Another way to accumulate data in vectors
From time to time, some #lisp-ers debate whether it’s faster to accumulate a
sequence of values using cons/nreverse, or cons/(setf cdr). To me, if that’s an
issue, you simply shouldn’t use a linked list; as Slava once wrote, “single linked lists
are simply the wrong data structure in 99% of cases.” A vector won’t be much or any
slower to build, and traversing a long vector is often far quicker than traversing an
equally long linked list, if only because the vector uses half as much space (and thus
memory bandwidth). The obvious question is then: how should we accumulate data
in vectors? (clearly, building a linked list and coercing it to a vector, as SBCL sometimes
does, isn’t ideal)
1 The simplest way
Obviously, the ideal way is to know the size of the final vector (or a reasonable overapproximation) ahead of time. The whole vector can then be preallocated, and, if needed, trimmed a posteriori. In terms of memory accesses, this pretty much achieves the lower bound of exactly one access per vector element. It’s also rarely applicable.
2 The usual way
The usual way to approach the problem of an unknown vector size is to begin with
an underapproximation of the final size, and grow the vector geometrically (and copy
from the old one) when needed. That’s the approach usually shown in textbooks, and
almost necessarily used by std::vector.
Unless the initial guess is very accurate (or too high), this method has a noticeable overhead in terms of memory access per vector element. Asymptotically, the best case is when the last grow is exactly the size of the final vector. For instance, when growing temporary vectors by powers of two, this happens when the final vector size is also a power of two. Then, in addition to the one write per element, half are copied once, a quarter once again, etc., for a total of ≈ 2 writes per element. The worst case is when the final vector has exactly one more element; for powers of two, all but one vector element are then copied once, half of that once again, etc., resulting in ≈ 3 writes per element.

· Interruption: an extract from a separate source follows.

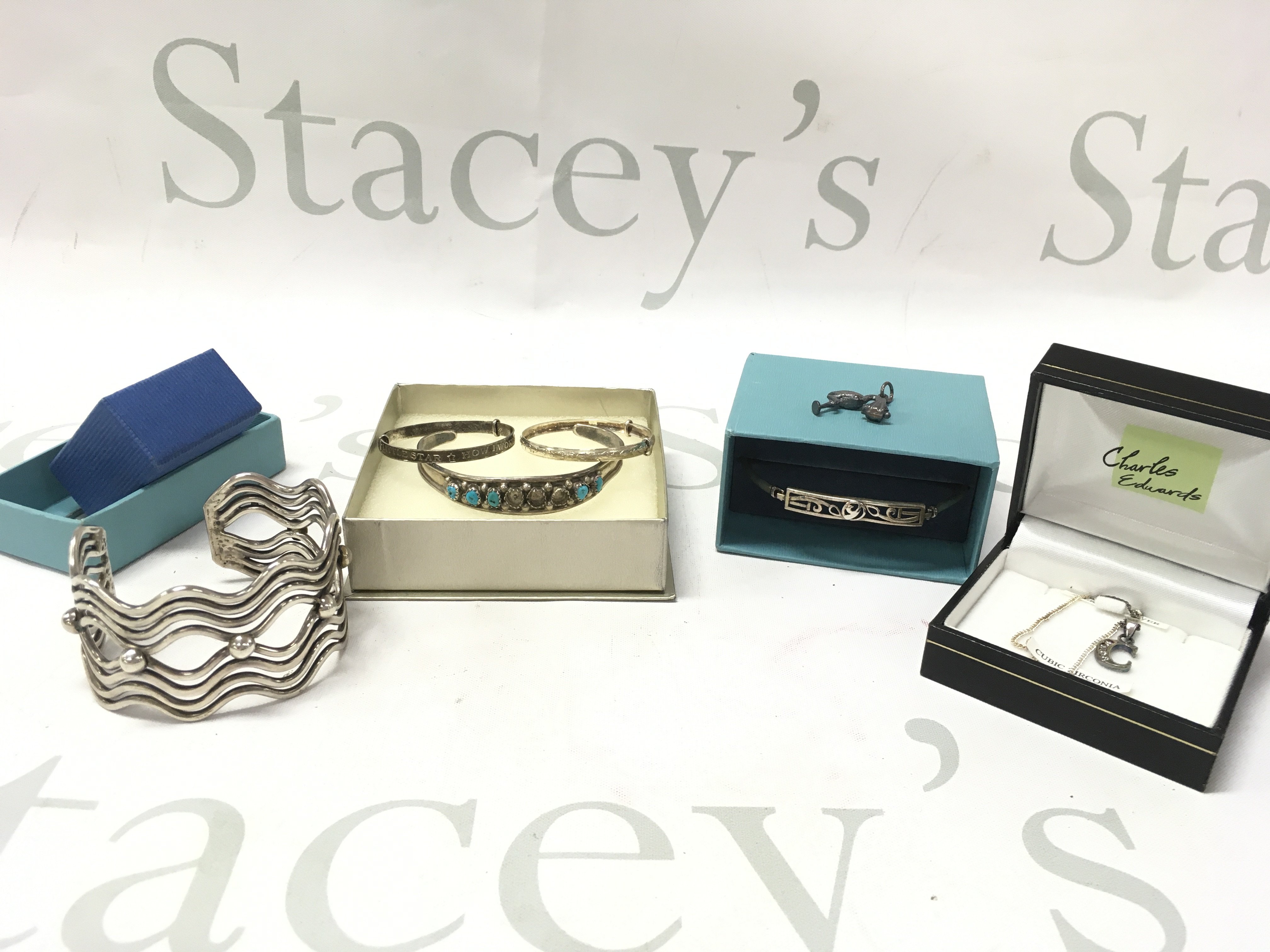 A mixed collection of silver Jewellery including a Mexican bracelet, necklace Etc. Postage category B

   C programs can often do much better by using realloc (or even mremap)
to avoid copies. High level languages can, in principle, do as well by also
hooking in the memory allocator. C++’s std::vector, however, can’t exploit
either: it must go through constructors and operator= (or std::swap, or
std::move). A variant of realloc that fails instead of moving the data could be
useful in those situations; I don’t know of allocators that provide such a
                                                                  
                                                                  
function.
3 A lazier way
Another way to build a vector incrementally is to postpone copying to a single contiguous vector until the very end. Instead, a sequence of geometrically larger temporary vectors can be accumulated, and only copied once to a final vector of exactly the right size. Since the temporary vectors grow geometrically, there aren’t too many of them (proportional to the logarithm of the final vector size), and the sequence can be represented simply, as a linked list, a flat preallocated vector, or a vector that’s copied when resized.

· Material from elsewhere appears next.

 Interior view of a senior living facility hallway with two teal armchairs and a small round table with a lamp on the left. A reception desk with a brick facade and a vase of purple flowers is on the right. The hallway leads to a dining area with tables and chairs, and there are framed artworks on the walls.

   This yields, in all cases, exactly one write and one copy per element, and
 (lg n) bookkeeping operations for the sequence, for a total of ≈ 2 writes per
element.
(lg n) bookkeeping operations for the sequence, for a total of ≈ 2 writes per
element.
4 Testing the hypothesis
I used my trusty X5660 to test all three implementations, in C, when building a
vector of around 224unsigned elements (enough to overflow the caches). The table
below summarizes the results, in cycles per vector element (median value of 256).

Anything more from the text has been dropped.